Actually, I need to do some more research on “if related FO is really
required for open by ID on my XP-SP1” (I just noticed that some
experiments that I did were not so clean). But, most likely, I will
follow your advice and use one of the FOs that are “around”. Is any FO
good for that? I mean does it matter if this “related FO” is a directory
or file? Has its handle been closed (i.e. cleanup IRP has already been
sent for this file)? Well, after all, I guess, I can use related FO that
I got in the IRP that I’m processing! :slight_smile:

If you don’t mind, can you give some 5 top reasons why rolling create
IRP is “that hard”? I’ve been doing this a lot and have never had any
problems. May be it was just a “luck”? Also my create IRPs are not 100%
pure create IRPs. I do reuse some params (like SecurityContext) that I
receive with the original IRP. Also I never go through the whole
completion process as I free that IRP in the completion routine and
return STATUS_MORE_PROCESSING_REQUIRED.

TIA,

Vladimir

-----Original Message-----
From: Tony Mason [mailto:xxxxx@osr.com]
Sent: Wednesday, February 25, 2004 6:47 PM
To: Windows File Systems Devs Interest List
Subject: RE: [ntfsd] IoCreateStreamFileObjectLite and create IRP

Vladimir,

Rolling create IRPs is, in my observation, the most difficult IRP to
construct and send.
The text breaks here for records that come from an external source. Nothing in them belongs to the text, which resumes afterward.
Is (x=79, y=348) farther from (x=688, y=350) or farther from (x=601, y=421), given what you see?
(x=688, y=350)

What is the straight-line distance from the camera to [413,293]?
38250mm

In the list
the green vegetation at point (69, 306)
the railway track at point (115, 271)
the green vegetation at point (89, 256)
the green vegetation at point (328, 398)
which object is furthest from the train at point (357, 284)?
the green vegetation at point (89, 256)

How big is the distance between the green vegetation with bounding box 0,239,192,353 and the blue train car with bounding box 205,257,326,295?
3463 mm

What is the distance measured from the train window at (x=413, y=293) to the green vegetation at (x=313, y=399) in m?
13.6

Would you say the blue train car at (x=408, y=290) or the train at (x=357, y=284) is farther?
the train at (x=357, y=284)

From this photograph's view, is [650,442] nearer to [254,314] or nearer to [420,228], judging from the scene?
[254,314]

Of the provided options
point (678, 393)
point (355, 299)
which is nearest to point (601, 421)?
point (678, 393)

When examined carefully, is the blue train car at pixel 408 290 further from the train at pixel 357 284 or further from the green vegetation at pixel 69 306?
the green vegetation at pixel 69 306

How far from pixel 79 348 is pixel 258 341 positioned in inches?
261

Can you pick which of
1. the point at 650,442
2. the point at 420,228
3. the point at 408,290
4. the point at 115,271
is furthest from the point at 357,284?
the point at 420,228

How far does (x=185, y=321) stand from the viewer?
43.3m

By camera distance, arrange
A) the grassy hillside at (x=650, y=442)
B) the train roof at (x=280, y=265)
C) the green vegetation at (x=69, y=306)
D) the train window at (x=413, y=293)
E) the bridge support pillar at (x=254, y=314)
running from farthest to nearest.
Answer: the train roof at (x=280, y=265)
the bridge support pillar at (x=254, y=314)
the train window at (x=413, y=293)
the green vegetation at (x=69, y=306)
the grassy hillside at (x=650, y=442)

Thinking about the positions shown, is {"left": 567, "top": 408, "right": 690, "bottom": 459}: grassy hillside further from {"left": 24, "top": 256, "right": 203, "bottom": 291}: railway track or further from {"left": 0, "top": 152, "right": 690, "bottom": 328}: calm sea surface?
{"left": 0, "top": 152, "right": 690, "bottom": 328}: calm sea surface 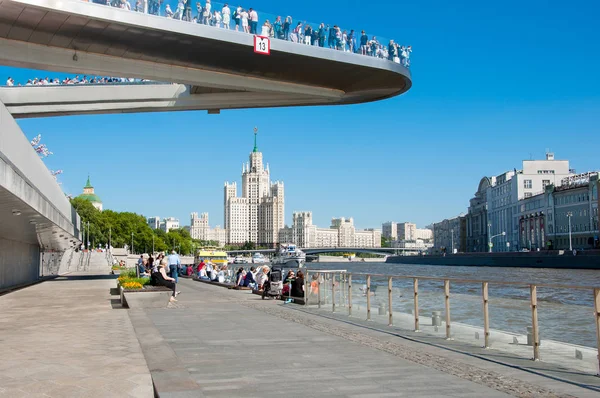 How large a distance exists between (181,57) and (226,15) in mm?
4409

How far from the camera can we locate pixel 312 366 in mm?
8359

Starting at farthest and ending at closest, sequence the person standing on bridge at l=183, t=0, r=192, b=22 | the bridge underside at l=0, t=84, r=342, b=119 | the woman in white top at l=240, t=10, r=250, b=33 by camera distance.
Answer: the bridge underside at l=0, t=84, r=342, b=119
the woman in white top at l=240, t=10, r=250, b=33
the person standing on bridge at l=183, t=0, r=192, b=22

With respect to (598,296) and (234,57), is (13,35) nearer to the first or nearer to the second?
(234,57)

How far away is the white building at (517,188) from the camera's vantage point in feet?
447

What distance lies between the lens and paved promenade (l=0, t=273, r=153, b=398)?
23.7ft

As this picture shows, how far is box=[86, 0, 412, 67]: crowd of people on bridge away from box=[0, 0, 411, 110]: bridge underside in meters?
0.41

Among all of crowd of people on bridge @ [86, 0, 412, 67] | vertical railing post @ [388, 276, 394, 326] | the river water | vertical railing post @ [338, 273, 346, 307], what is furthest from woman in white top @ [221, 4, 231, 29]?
the river water

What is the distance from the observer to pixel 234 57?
128ft

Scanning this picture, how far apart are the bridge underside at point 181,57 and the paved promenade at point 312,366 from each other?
77.9ft

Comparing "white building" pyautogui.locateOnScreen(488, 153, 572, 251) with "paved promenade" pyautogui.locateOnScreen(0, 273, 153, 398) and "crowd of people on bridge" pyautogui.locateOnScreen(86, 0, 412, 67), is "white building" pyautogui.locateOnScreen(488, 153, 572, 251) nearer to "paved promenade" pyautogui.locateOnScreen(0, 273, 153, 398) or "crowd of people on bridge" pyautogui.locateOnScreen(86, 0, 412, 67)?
"crowd of people on bridge" pyautogui.locateOnScreen(86, 0, 412, 67)

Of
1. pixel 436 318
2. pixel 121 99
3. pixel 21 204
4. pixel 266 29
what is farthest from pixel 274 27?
pixel 436 318

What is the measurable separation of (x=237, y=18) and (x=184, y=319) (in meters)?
24.6

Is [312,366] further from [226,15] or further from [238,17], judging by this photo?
[238,17]

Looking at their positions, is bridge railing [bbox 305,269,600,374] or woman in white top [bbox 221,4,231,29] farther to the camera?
woman in white top [bbox 221,4,231,29] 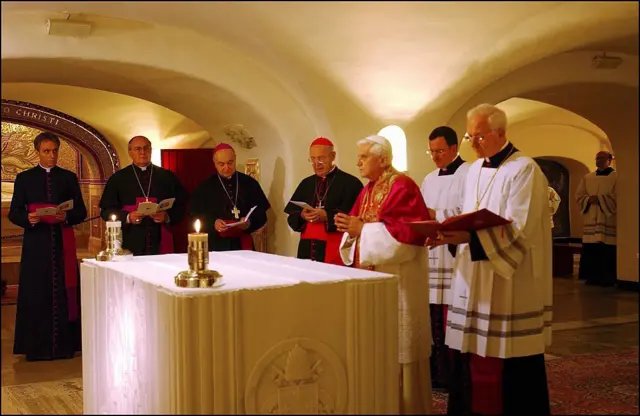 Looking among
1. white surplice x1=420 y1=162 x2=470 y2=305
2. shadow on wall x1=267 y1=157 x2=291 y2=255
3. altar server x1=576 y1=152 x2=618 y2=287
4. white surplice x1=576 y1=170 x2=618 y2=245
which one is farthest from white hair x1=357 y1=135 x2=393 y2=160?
white surplice x1=576 y1=170 x2=618 y2=245

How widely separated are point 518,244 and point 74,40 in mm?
3565

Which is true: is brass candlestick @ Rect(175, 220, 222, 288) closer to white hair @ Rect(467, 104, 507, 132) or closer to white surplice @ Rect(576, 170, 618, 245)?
white hair @ Rect(467, 104, 507, 132)

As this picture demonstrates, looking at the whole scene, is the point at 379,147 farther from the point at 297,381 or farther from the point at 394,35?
the point at 297,381

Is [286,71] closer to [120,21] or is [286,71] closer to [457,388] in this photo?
[120,21]

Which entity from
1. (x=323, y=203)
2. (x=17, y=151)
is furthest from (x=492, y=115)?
(x=17, y=151)

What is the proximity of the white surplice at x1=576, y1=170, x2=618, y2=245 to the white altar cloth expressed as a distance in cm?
805

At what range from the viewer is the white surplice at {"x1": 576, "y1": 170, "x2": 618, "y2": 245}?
1107 cm

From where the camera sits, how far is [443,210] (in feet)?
17.0

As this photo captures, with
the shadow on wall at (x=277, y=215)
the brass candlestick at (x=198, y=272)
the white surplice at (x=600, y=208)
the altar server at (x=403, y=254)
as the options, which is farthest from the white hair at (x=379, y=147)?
the white surplice at (x=600, y=208)

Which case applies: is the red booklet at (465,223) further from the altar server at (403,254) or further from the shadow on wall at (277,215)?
the shadow on wall at (277,215)

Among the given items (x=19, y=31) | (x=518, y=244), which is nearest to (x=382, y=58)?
(x=518, y=244)

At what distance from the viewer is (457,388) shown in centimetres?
437

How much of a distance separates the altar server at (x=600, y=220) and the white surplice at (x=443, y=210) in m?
6.44

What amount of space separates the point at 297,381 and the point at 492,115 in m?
1.63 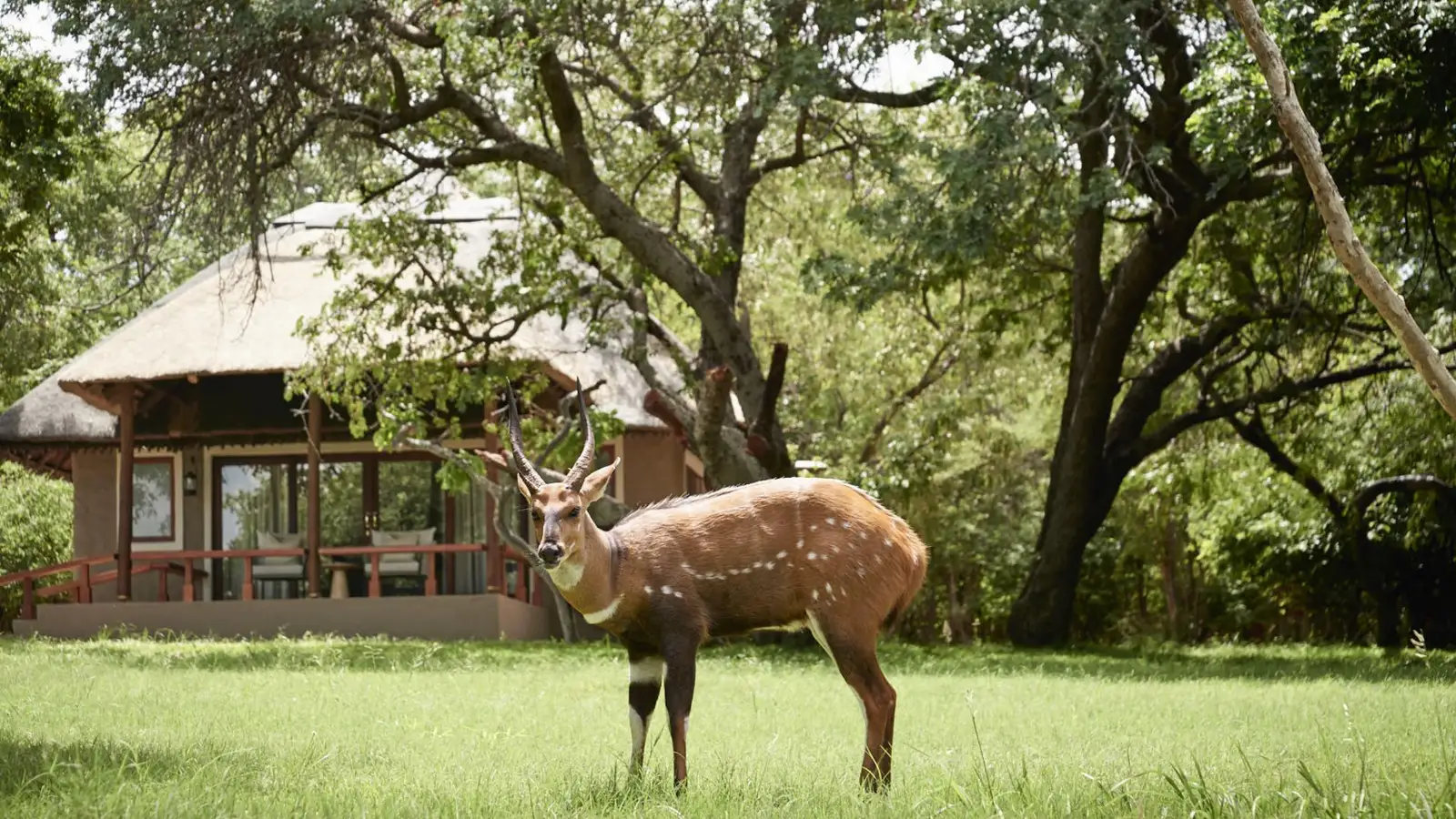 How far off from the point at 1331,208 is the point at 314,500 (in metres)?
19.3

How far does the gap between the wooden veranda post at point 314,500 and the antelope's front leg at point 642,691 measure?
53.5 feet

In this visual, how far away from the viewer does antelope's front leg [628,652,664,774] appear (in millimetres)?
7172

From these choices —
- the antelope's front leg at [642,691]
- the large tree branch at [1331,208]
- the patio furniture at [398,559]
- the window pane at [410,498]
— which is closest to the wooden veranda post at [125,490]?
the patio furniture at [398,559]

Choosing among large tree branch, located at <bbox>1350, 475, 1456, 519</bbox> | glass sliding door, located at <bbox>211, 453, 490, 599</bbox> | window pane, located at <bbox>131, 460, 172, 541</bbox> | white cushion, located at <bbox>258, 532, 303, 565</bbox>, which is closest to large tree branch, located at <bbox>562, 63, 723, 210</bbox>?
glass sliding door, located at <bbox>211, 453, 490, 599</bbox>

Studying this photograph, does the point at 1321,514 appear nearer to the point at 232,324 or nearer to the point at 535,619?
the point at 535,619

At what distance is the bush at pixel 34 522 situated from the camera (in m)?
33.2

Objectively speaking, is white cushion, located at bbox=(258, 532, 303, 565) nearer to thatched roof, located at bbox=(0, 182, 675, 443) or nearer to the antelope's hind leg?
thatched roof, located at bbox=(0, 182, 675, 443)

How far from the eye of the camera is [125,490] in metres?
23.9

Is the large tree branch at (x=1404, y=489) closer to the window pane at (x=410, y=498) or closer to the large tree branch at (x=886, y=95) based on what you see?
the large tree branch at (x=886, y=95)

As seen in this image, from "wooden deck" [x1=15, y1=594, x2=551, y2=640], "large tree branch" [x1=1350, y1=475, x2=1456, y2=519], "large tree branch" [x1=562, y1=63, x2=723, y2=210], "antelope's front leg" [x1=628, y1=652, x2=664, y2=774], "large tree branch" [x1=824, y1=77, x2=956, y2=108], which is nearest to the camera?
"antelope's front leg" [x1=628, y1=652, x2=664, y2=774]

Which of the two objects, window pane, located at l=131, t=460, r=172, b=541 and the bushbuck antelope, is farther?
window pane, located at l=131, t=460, r=172, b=541

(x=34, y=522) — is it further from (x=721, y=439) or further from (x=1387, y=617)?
(x=1387, y=617)

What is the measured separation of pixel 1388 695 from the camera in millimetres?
12109

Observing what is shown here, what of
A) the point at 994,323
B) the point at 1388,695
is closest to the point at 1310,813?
the point at 1388,695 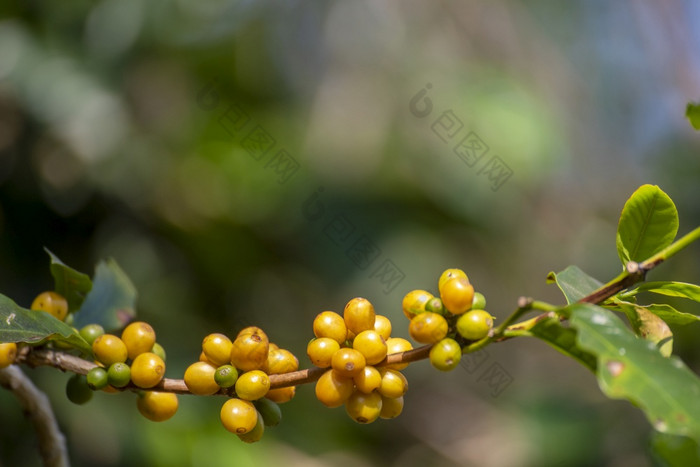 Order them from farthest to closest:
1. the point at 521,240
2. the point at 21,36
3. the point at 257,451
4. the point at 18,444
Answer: the point at 521,240 < the point at 21,36 < the point at 257,451 < the point at 18,444

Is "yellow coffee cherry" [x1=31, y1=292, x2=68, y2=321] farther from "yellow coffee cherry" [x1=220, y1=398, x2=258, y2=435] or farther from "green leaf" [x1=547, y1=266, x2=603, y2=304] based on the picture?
"green leaf" [x1=547, y1=266, x2=603, y2=304]

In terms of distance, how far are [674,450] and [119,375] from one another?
57 centimetres

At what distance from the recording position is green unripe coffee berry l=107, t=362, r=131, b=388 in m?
0.70

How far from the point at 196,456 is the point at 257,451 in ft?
0.90

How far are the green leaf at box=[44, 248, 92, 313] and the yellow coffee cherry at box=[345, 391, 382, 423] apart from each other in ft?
1.44

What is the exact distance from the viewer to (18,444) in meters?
2.15

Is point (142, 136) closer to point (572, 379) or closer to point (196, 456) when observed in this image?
point (196, 456)

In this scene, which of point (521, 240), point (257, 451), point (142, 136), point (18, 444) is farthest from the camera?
point (521, 240)

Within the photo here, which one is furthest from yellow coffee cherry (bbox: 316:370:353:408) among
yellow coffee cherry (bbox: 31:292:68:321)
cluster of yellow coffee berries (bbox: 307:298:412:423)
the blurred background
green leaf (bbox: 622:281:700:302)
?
the blurred background

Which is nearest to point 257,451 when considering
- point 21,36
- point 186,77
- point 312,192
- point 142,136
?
point 312,192

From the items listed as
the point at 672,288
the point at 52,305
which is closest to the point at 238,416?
the point at 52,305

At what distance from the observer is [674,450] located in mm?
580

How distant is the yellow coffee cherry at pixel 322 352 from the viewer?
656mm

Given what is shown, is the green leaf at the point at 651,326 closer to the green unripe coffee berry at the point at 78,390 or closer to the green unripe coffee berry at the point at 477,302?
the green unripe coffee berry at the point at 477,302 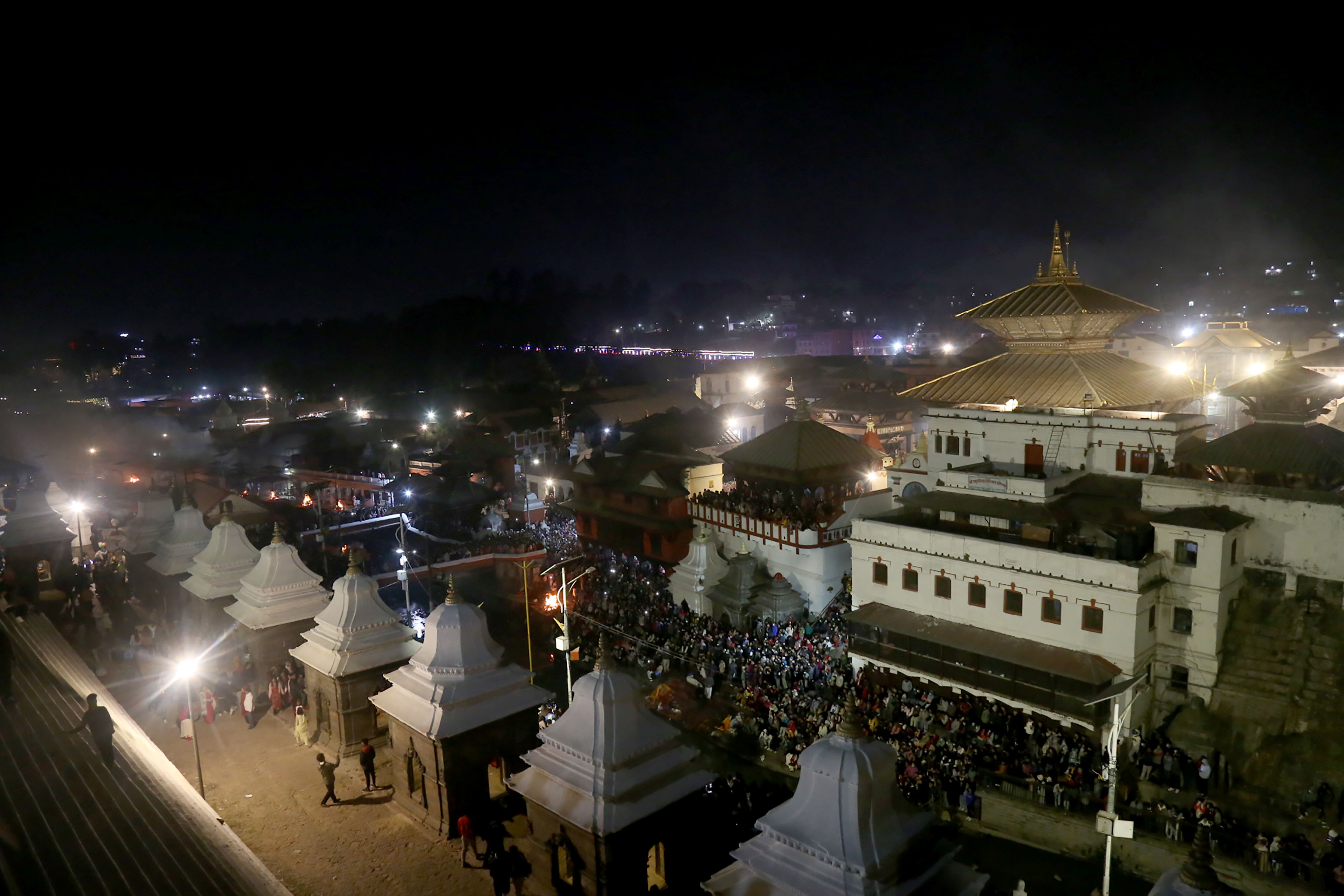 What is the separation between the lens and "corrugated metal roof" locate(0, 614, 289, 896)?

It can be done, but it is a tremendous amount of
work…

Open by ID does require a related file object, but this can be a file
object for any directory (possibly any file, I’d have to verify that) on
the volume. So, if you happen to keep a file object around for the root
directory (for example) then you can just use that. Indeed, more recent
versions of Windows appear to allow absolute file ID paths in NTFS (so
the first ‘character’ of the name is L’\’ and then the next 8 or 16
bytes are the file ID or object ID) so you don’t even need related file
objects in those cases. Older versions of Windows DID require relative
opens, however. And looking at the 3790 CDFS (which supports open by
file ID) it requires the relative file object mechanism, although my
quick glance suggests that it doesn’t look at the related file object -
at least not in CDFS. Did you actually try an IRP_MJ_CREATE with a null
related file object and a valid file ID and have it fail?

The purpose of IoCreateStreamFileObject* is to create a file object so
the file system can use it; if you want to use it for a create IRP you
can do so. See FastFat’s use to represent the mapped directory
(cachesup.c) for an example. There is also a comparable example in CDFS
(cachesup.c again). They really do just get back a pristine, clean file
object and you can use it in the manner you have described.

Regards,

Tony

Tony Mason
Consulting Partner
OSR Open Systems Resources, Inc.
http://www.osr.com

-----Original Message-----
From: xxxxx@lists.osr.com
[mailto:xxxxx@lists.osr.com] On Behalf Of Vladimir Chtchetkine
Sent: Wednesday, February 25, 2004 9:11 PM
To: ntfsd redirect
Subject: RE: [ntfsd] IoCreateStreamFileObjectLite and create IRP

Thanks, Alexey!

So, I will switch back to “lite” version and roll cleanup IRP.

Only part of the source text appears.